In solving polar equations like \( r = 1 + 2 \cos 2\theta \), we often leverage trigonometric identities to simplify the solutions. A very common trigonometric identity used here is: \( \cos 2\theta = \cos 2\theta \). For self-intersections, this can be transformed to show that \( \theta_1 = n\pi + (-1)^n \theta_2 \), where \( n \) is an integer. This reveals the symmetrical properties and periodic nature of the trigonometric functions, helping identify the potential angles where self-intersections could occur.

Solving polar equations involves finding solutions for both \r\ and \theta\. The given equation, \( r = 1 + 2 \cos 2\theta \), can be solved by equating two radius expressions set to be equal:\(1 + 2 \cos 2\theta_1 = 1 + 2 \cos 2\theta_2 \). From this, it simplifies to \( \cos 2\theta_1 = \cos 2\theta_2 \), which means \( \theta_1 = n\pi + (-1)^n \theta_2 \). By examining different values of \( n \) (such as \(n = 0, ±1, ±2\), etc.), we discover multiple angle pairs where the equation holds true, indicating points of intersection.

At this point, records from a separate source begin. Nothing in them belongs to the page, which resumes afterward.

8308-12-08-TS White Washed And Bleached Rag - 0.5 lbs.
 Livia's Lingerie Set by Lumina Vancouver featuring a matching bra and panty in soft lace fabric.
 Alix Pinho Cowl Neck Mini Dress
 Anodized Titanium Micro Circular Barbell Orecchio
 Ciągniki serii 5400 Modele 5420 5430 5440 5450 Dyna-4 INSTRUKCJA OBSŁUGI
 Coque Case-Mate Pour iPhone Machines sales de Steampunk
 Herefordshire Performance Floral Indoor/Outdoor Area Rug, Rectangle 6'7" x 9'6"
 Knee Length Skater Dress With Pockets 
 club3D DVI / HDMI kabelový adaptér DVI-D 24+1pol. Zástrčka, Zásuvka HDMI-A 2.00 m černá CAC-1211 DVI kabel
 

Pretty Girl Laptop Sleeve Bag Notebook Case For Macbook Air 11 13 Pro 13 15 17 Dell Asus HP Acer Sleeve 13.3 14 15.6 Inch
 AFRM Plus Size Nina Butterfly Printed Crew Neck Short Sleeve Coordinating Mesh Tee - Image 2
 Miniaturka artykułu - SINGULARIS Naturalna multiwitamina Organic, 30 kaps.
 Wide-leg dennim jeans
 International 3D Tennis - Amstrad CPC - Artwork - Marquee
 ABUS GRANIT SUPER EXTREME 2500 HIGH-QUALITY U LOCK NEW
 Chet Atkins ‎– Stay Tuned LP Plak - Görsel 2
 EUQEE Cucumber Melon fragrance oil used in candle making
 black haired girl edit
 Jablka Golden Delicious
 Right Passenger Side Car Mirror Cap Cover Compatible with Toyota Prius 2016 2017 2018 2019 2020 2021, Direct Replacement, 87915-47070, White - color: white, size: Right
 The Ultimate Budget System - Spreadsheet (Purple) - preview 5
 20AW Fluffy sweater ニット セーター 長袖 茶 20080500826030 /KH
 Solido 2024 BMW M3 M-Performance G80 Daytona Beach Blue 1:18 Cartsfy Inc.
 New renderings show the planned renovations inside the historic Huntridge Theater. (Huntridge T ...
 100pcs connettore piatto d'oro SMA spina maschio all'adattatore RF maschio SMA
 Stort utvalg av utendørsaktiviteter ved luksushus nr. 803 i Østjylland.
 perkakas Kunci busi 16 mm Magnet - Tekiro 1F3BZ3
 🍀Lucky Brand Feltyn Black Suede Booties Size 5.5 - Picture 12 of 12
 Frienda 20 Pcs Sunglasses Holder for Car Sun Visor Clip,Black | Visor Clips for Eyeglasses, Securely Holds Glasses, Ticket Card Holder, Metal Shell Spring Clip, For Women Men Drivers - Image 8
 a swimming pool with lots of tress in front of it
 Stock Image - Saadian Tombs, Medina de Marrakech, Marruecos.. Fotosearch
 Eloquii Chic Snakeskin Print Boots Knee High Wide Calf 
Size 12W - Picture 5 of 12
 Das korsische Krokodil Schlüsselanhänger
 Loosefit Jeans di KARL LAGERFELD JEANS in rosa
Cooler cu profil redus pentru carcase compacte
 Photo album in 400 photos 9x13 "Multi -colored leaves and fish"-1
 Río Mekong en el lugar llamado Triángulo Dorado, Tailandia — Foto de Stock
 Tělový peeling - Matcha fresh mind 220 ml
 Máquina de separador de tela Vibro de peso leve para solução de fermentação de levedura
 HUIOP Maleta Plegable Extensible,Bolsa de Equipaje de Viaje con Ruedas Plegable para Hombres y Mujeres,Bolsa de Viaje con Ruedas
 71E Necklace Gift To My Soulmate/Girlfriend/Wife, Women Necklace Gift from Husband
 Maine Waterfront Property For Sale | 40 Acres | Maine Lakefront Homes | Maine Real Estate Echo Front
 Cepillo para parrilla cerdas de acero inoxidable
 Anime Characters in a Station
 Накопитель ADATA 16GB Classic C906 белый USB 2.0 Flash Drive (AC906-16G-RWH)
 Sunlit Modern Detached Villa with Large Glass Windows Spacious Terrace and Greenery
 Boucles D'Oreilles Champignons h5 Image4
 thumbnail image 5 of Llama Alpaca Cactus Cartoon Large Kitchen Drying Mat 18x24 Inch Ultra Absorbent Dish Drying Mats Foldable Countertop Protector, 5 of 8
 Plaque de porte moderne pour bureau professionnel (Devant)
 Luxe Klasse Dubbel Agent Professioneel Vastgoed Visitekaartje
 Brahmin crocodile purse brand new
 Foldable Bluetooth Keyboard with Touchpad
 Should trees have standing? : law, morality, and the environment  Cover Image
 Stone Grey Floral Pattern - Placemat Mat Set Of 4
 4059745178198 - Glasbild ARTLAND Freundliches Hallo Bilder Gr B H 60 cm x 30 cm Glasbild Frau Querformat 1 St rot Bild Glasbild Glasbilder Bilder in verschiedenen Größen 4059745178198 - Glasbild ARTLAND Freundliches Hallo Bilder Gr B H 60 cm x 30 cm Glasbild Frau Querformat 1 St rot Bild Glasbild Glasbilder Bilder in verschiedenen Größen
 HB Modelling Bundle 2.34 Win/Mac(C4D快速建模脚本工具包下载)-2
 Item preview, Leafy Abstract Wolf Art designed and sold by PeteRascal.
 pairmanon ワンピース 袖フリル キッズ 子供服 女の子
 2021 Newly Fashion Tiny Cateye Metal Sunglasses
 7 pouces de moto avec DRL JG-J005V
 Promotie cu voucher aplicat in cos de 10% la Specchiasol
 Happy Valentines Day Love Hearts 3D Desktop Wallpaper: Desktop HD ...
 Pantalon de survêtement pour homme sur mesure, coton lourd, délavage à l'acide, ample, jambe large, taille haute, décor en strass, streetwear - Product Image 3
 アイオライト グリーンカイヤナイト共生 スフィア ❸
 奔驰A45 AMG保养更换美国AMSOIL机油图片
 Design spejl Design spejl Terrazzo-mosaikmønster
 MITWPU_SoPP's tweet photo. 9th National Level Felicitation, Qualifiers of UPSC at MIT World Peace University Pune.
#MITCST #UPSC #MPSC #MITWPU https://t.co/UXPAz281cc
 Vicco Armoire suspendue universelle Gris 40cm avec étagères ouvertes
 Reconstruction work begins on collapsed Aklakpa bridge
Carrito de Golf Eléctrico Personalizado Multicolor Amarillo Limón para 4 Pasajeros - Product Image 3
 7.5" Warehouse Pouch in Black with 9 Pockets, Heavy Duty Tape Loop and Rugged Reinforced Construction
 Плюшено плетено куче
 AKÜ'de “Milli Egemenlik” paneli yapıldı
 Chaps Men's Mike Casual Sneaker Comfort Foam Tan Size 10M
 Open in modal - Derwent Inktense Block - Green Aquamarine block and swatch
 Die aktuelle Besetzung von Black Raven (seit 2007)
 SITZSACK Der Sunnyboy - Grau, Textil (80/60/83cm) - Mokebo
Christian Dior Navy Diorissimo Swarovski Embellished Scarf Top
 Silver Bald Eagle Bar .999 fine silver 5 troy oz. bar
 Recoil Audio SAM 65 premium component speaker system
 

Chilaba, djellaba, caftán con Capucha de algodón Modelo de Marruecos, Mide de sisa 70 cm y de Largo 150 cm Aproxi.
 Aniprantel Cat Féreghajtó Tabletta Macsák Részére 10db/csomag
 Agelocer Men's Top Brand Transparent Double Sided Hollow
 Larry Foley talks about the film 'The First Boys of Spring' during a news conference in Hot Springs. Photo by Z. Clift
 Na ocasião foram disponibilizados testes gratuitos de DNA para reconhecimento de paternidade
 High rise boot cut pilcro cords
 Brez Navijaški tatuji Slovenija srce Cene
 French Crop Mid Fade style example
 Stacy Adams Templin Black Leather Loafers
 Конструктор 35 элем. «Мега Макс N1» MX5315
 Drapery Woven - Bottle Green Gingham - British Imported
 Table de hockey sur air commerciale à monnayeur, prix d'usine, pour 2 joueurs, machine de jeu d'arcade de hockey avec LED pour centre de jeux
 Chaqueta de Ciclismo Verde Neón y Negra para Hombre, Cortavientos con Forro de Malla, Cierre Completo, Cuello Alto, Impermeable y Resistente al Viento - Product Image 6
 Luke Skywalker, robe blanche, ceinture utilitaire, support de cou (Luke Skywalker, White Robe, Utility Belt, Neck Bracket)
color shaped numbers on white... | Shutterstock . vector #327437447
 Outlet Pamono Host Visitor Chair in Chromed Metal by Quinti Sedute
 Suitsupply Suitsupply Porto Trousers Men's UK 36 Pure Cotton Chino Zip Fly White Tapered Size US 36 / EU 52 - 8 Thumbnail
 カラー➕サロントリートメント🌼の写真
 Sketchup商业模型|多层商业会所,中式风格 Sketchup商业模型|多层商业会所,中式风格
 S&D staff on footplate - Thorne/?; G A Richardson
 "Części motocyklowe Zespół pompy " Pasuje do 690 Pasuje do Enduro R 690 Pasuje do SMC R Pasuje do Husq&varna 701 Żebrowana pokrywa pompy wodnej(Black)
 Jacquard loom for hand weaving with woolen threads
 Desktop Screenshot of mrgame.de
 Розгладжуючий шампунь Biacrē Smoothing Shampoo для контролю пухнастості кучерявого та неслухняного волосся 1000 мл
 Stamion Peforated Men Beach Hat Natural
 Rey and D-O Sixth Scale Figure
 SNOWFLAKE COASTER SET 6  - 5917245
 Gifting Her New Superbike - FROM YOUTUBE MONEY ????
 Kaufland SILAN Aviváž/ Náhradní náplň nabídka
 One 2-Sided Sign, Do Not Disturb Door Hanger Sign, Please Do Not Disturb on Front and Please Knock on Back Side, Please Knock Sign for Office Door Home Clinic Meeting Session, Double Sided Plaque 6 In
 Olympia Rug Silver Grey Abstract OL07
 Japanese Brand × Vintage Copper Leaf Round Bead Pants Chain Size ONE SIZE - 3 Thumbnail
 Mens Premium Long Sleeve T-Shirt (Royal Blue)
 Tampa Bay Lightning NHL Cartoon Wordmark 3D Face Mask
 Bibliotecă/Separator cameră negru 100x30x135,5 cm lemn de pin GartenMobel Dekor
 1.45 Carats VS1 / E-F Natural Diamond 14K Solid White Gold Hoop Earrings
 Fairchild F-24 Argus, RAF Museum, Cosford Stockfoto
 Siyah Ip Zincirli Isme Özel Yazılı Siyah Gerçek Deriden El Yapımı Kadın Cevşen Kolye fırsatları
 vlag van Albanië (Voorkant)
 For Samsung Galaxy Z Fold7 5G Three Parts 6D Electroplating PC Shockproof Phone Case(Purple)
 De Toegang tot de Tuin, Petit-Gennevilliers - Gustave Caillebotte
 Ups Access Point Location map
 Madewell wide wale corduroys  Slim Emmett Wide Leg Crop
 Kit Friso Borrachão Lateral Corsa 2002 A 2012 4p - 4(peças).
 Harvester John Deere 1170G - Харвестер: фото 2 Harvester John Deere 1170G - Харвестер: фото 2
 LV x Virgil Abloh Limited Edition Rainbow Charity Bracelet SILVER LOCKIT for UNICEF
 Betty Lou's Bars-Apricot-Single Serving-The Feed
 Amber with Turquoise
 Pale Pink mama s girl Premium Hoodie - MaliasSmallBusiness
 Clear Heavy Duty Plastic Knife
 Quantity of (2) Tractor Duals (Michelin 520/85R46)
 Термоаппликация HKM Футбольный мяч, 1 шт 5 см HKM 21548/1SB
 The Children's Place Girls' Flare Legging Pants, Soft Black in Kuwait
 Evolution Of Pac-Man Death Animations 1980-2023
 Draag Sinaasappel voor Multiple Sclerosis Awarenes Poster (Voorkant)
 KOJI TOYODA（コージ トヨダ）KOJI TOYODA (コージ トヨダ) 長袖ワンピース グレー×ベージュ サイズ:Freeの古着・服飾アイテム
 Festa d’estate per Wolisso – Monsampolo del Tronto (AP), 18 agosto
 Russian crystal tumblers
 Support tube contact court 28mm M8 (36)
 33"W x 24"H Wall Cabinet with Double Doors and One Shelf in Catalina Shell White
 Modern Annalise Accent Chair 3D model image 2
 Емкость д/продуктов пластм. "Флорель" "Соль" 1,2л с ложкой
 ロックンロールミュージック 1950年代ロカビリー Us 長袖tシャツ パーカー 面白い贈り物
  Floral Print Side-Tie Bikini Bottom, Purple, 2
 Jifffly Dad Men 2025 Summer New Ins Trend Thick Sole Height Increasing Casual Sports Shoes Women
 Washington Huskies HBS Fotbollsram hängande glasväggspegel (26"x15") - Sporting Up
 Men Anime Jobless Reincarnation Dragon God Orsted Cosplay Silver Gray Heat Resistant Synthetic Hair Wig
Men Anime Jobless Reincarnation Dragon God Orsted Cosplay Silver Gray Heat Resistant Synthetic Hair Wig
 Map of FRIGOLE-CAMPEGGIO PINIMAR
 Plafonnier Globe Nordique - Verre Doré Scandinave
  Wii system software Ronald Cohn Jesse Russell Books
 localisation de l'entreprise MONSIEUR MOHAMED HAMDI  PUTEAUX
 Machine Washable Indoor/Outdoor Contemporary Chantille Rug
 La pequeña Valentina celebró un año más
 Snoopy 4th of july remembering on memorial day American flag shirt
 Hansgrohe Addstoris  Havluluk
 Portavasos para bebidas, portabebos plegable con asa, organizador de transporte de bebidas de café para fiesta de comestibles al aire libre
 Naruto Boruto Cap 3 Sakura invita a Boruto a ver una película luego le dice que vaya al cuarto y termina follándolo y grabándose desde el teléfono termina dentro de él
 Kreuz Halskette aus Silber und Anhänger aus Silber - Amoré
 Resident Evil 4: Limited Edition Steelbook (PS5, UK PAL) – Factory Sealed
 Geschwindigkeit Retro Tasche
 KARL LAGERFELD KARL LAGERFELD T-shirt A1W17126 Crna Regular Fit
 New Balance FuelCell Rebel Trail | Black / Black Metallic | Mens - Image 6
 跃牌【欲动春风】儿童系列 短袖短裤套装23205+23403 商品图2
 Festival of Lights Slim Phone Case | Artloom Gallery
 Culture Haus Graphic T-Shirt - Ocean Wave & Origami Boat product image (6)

Graphical analysis helps in visualizing functions and their behavior, especially for complex polar equations. For the equation \( r = 1 + 2 \cos 2\theta \), plotting this reveals a graph with petals or loops that intersect themselves. By scrutinizing these intersections via angles \( \theta_1 \) and \( \theta_2 \), we can determine exactly where the self-intersections appear. This visual approach not only supports the algebraic solution but also provides an intuitive understanding of the self-intersecting nature of the curve. Using graphing tools or software can greatly aid in this analysis, making it easier for students to grasp the concepts.